4. Computer Related Work Exemption

Under federal regulations, an employee who works in the computer field will be exempt from overtime eligibility where the employee (1) meets the earnings threshold; (2) works in one of certain specified capacities in the computer field; and (3) has computer related responsibilities as his/her primary duties.

a. Earnings Threshold

To be exempt, an employee who performs computer related work must be paid a minimum of either $455 per week or $27.63 per hour. This slight variation on the compensation requirements from the administrative and executive exemptions seems to acknowledge that some who perform computer related work may work irregular hours and as a result are often paid hourly rather than on a salaried basis.

b. Work Must Be As a Computer Systems Analyst, Software Engineer, Computer Programmer, or in Some Similar Capacity.

This requirement should be self-explanatory. If the employee is performing the sorts of duties that only someone with the skills of a computer systems analyst or a computer programmer could perform, this criterion is satisfied.

c. Primary Duties Must Be Computer Related.

Although the employee can have other duties, the main portion of his/her work day must be devoted to work such as computer systems analysis or design, development, analysis, testing, and related tasks with respect to computer programs or systems. Simply repairing or manufacturing computer hardware does not satisfy this requirement. Likewise, simply using a computer to perform one’s work without actually engaging in systems analysis or programming also does not satisfy this criterion. In effect, this exemption tries to distinguish between someone whose job it is to develop or manage the inner workings of a computer or computer system (likely exempt) and someone who merely uses a computer to assist in performing the employee’s actual responsibilities (only exempt if another exemption applies).

The analysis set forth in this article is provided for general understanding only and should not be considered legal advice. Counsel should always be consulted for advice regarding a specific situation.

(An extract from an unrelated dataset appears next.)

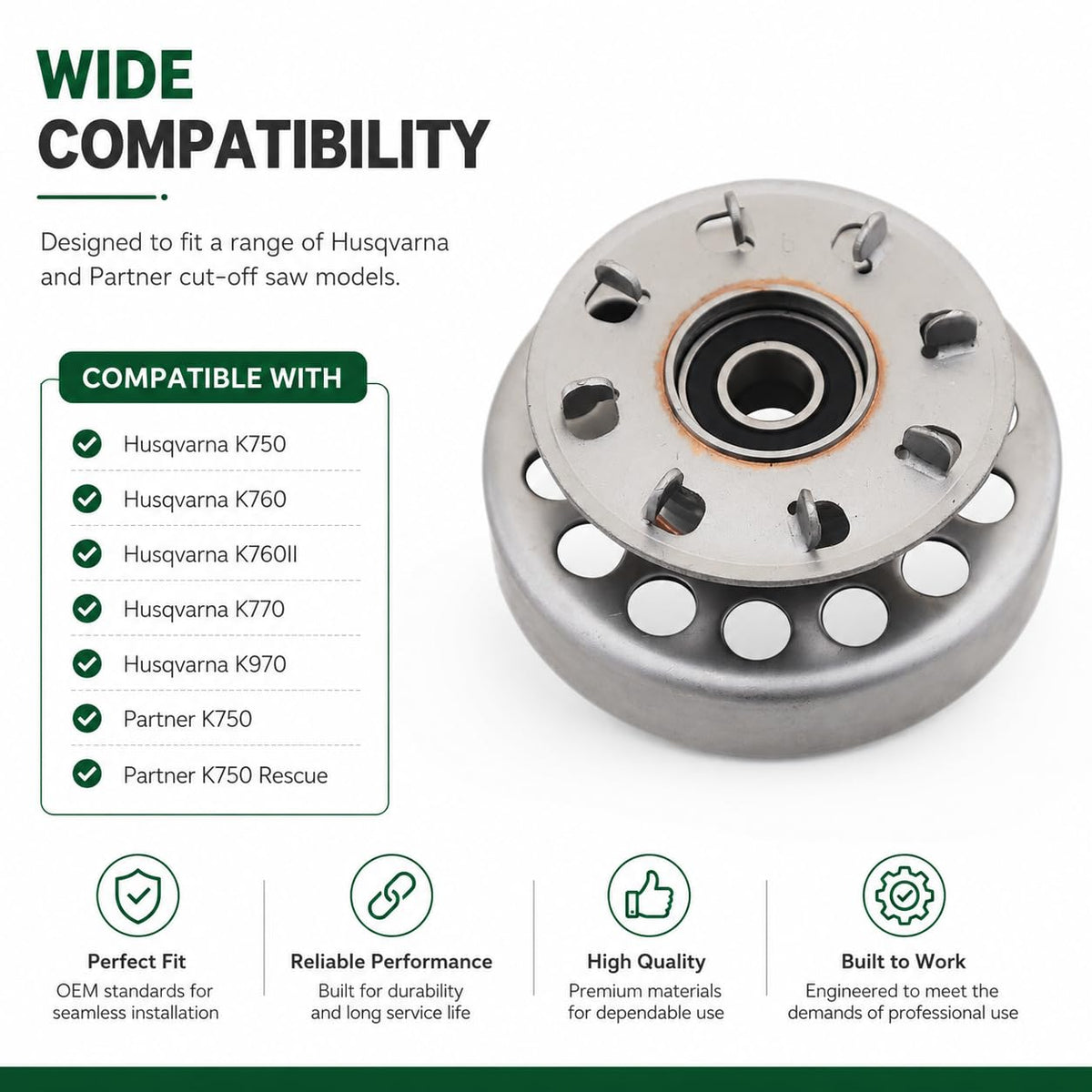 Clutch Drum Pulley with Ball Bearing, 12mm Inner Hole, For Husqvarna K750, K760, K760II, K770, K970 and Partner K750 Concrete Cut-Off Saw, Replaces 590805901, 590 80 59-01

  1. The wage & hour law that applies to an employee will generally be the more employee friendly of federal or applicable state law. In California, for example, in most instances the state’s wage & hour laws will be more employee friendly and thus will govern the employee’s rights and the employer’s responsibilities. But, in Georgia federal law generally governs. This article only addresses certain provisions of federal wage & hour law. Wage & hour laws can be complex. Therefore, counsel should be consulted regarding each specific situation.